Among the entries below, find the line with "Yaffie Gold Diamond" and the line with "Группа Молодых Студентов". Return exactly those lines and every line between them, but no pictures.

• _Material for the task_

- Opening Delimiter -

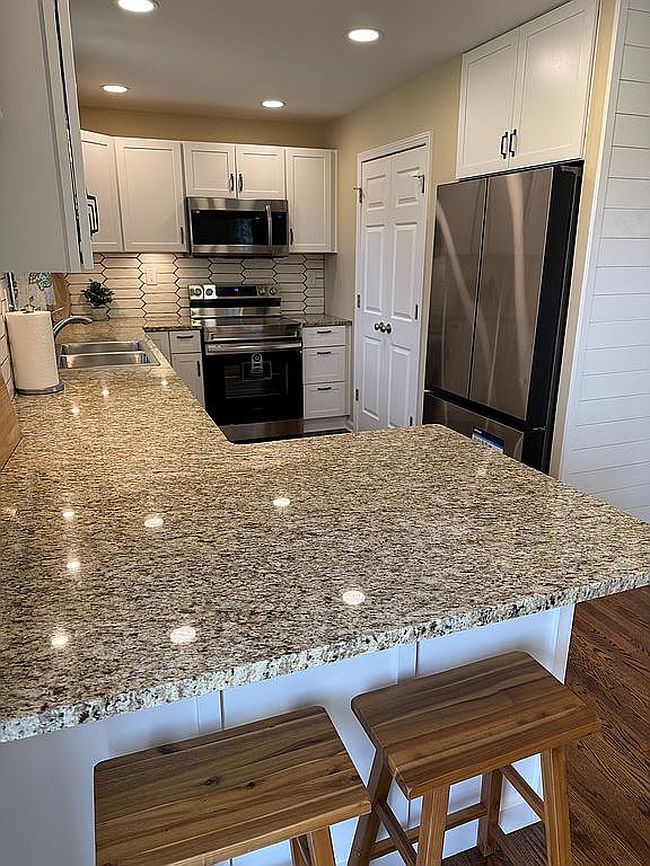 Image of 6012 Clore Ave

- Closing Delimiter -
- Opening Delimiter -

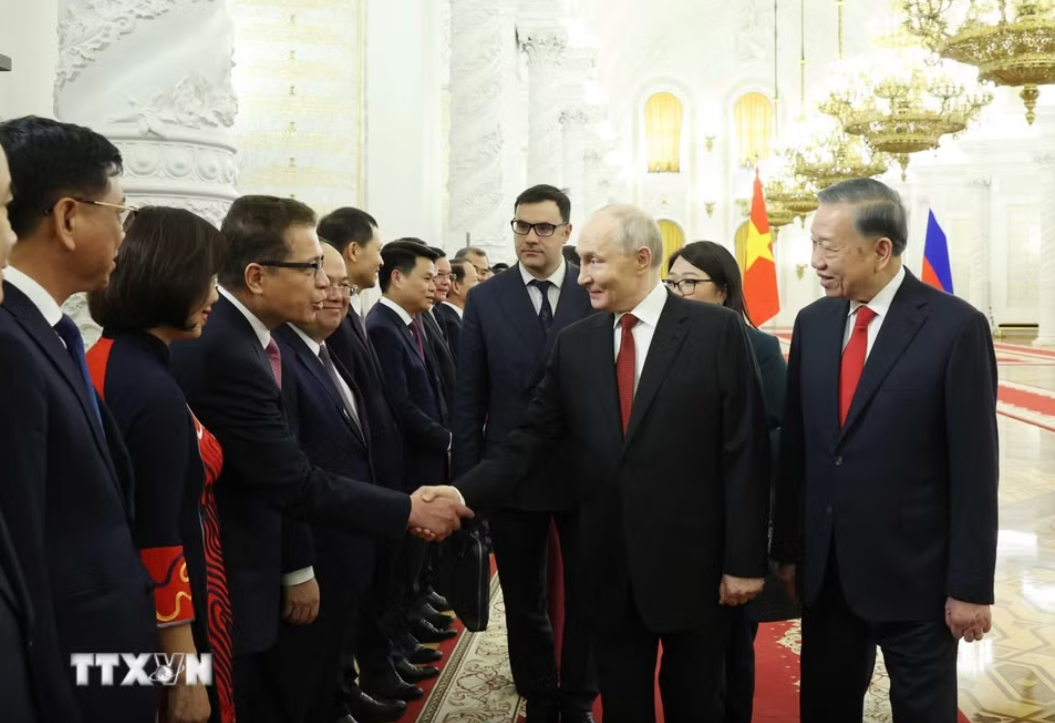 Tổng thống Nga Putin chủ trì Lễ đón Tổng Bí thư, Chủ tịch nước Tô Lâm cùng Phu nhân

- Closing Delimiter -
- Opening Delimiter -

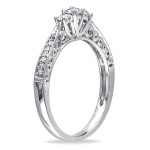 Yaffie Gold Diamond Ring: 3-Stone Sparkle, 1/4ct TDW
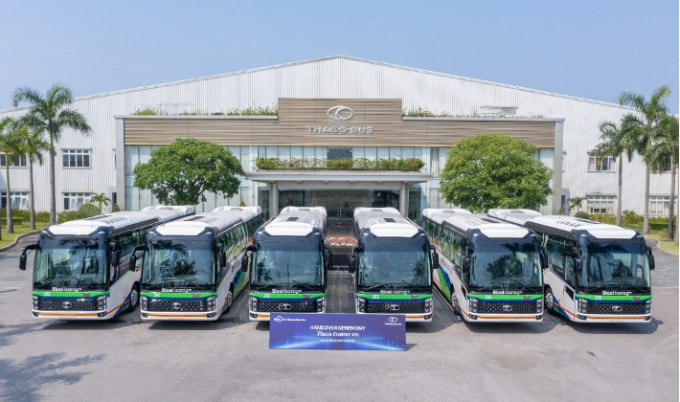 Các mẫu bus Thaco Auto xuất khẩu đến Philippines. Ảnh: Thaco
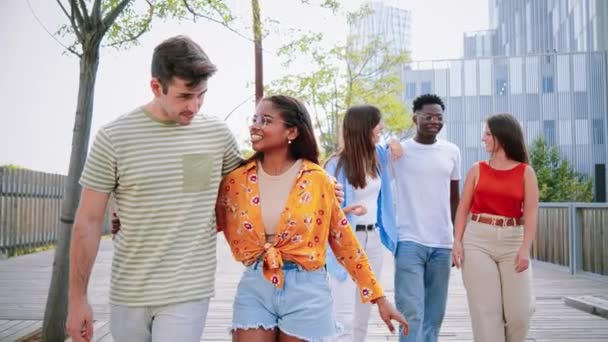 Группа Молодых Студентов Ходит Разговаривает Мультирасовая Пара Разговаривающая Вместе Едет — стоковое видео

- Closing Delimiter -

• _Output of the exercise_
 Yaffie Gold Diamond Ring: 3-Stone Sparkle, 1/4ct TDW
 Các mẫu bus Thaco Auto xuất khẩu đến Philippines. Ảnh: Thaco
 Группа Молодых Студентов Ходит Разговаривает Мультирасовая Пара Разговаривающая Вместе Едет — стоковое видео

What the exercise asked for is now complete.